LLM Interface

Create and use LLM instances to generate text with various providers

Creating an LLM Instance

from SimplerLLM.language.llm import LLM, LLMProvider

llm = LLM.create(provider=LLMProvider.OPENAI, model_name="gpt-4o")
response = llm.generate_response(prompt="What is Python?")

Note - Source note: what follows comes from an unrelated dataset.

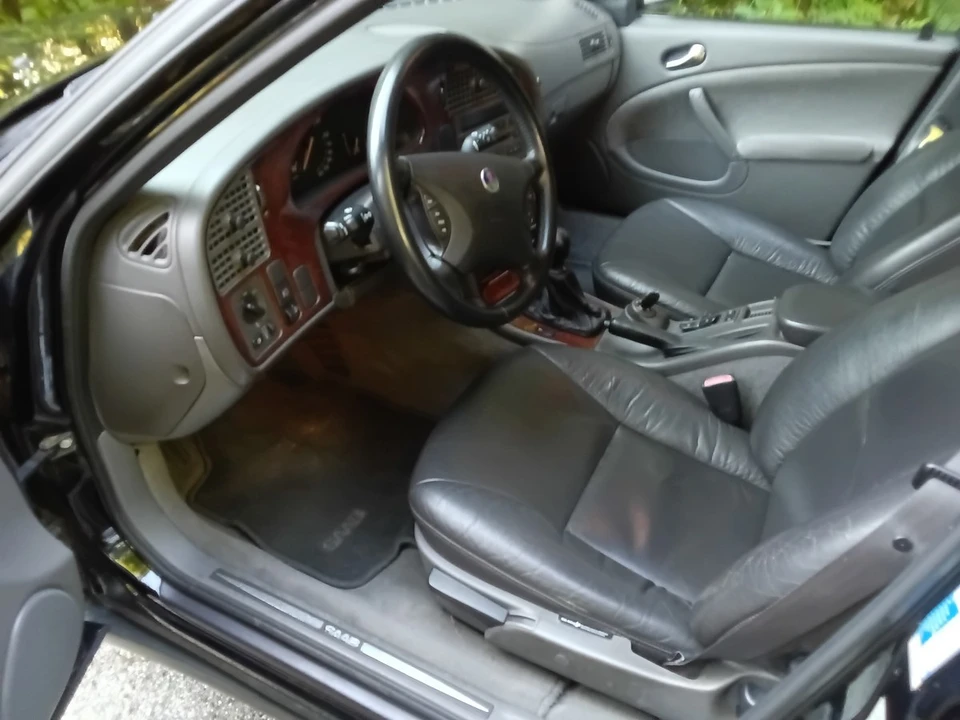 2000 Saab 9-5 1st Gen - Image 28 of 30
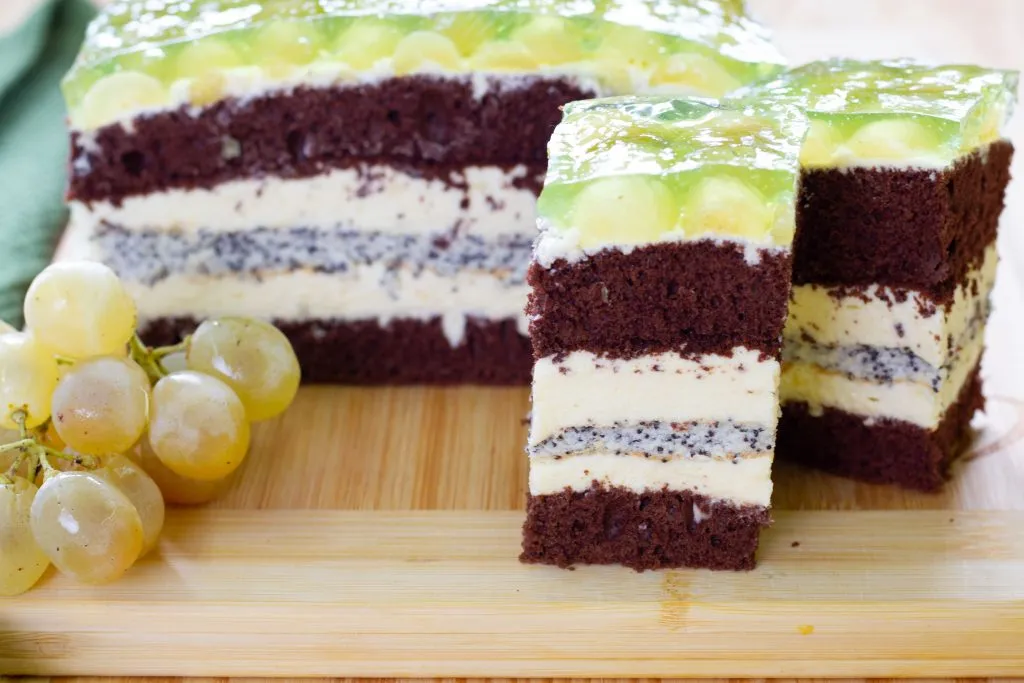 Fruity Madagascar cake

Parameter	Type	Default	Description
`provider`	`LLMProvider`	`OPENAI`	The LLM provider to use
`model_name`	`str`	`"gpt-4o-mini"`	Model identifier
`temperature`	`float`	`0.7`	Sampling temperature (0-2)
`top_p`	`float`	`1.0`	Nucleus sampling (0-1)
`api_key`	`str`	`None`	API key (defaults to environment variable)

Providers

Provider	Enum Value	Environment Variable
OpenAI	`LLMProvider.OPENAI`	`OPENAI_API_KEY`
Google Gemini	`LLMProvider.GEMINI`	`GEMINI_API_KEY`
Anthropic	`LLMProvider.ANTHROPIC`	`ANTHROPIC_API_KEY`
DeepSeek	`LLMProvider.DEEPSEEK`	`DEEPSEEK_API_KEY`
Ollama	`LLMProvider.OLLAMA`	— (local)
OpenRouter	`LLMProvider.OPENROUTER`	`OPENROUTER_API_KEY`
Cohere	`LLMProvider.COHERE`	`COHERE_API_KEY`
Perplexity	`LLMProvider.PERPLEXITY`	`PERPLEXITY_API_KEY`
Moonshot	`LLMProvider.MOONSHOT`	`MOONSHOT_API_KEY`
HuggingFace Local	`LLMProvider.HUGGING_FACE_LOCAL`	— (local)

# Example: Using Anthropic
llm = LLM.create(provider=LLMProvider.ANTHROPIC, model_name="claude-sonnet-4-20250514")

# Example: Using local Ollama
llm = LLM.create(provider=LLMProvider.OLLAMA, model_name="llama3")

Generation Methods

generate_response

Generate text synchronously.

# Using a prompt
response = llm.generate_response(prompt="Explain quantum computing")

# Using chat messages
response = llm.generate_response(
    messages=[
        {"role": "user", "content": "What is AI?"},
        {"role": "assistant", "content": "AI is artificial intelligence..."},
        {"role": "user", "content": "Give me an example"}
    ]
)

generate_response_async

Generate text asynchronously.

import asyncio

async def main():
    response = await llm.generate_response_async(prompt="Explain machine learning")
    print(response)

asyncio.run(main())

Core Parameters

Parameter	Type	Default	Description
`prompt`	`str`	`None`	Text input (use this OR messages)
`messages`	`list[dict]`	`None`	Chat history (use this OR prompt)
`system_prompt`	`str`	`"You are a helpful AI Assistant"`	System instruction
`temperature`	`float`	`0.7`	Sampling temperature
`max_tokens`	`int`	`300`	Maximum output tokens
`top_p`	`float`	`1.0`	Nucleus sampling
`json_mode`	`bool`	`False`	Force JSON output
`full_response`	`bool`	`False`	Return detailed response object
`images`	`list[str]`	`None`	List of image URLs or local file paths for vision
`detail`	`str`	`"auto"`	Image detail level: `"low"`, `"high"`, or `"auto"`
`web_search`	`bool`	`False`	Enable web search

Vision / Image Input

Pass images to analyze visual content:

# Using an image URL
response = llm.generate_response(
    prompt="Describe this image",
    images=["https://example.com/photo.jpg"]
)

# Using a local file
response = llm.generate_response(
    prompt="What objects are in these images?",
    images=["path/to/image1.png", "path/to/image2.jpg"],
    detail="high"  # "low", "high", or "auto"
)

Provider	Vision Support
OpenAI	Supported
Anthropic	Supported
Gemini	Supported
Ollama	Supported (llava, llama3.2-vision)
Cohere	Supported
DeepSeek	Supported

JSON Mode

response = llm.generate_response(
    prompt="List 3 programming languages as JSON",
    json_mode=True
)

Full Response

Get detailed metadata including token counts and timing.

response = llm.generate_response(
    prompt="What is Python?",
    full_response=True
)

print(response.generated_text)
print(f"Input tokens: {response.input_token_count}")
print(f"Output tokens: {response.output_token_count}")
print(f"Time: {response.process_time}s")

Note: Use prompt for single queries or messages for conversations. Do not use both.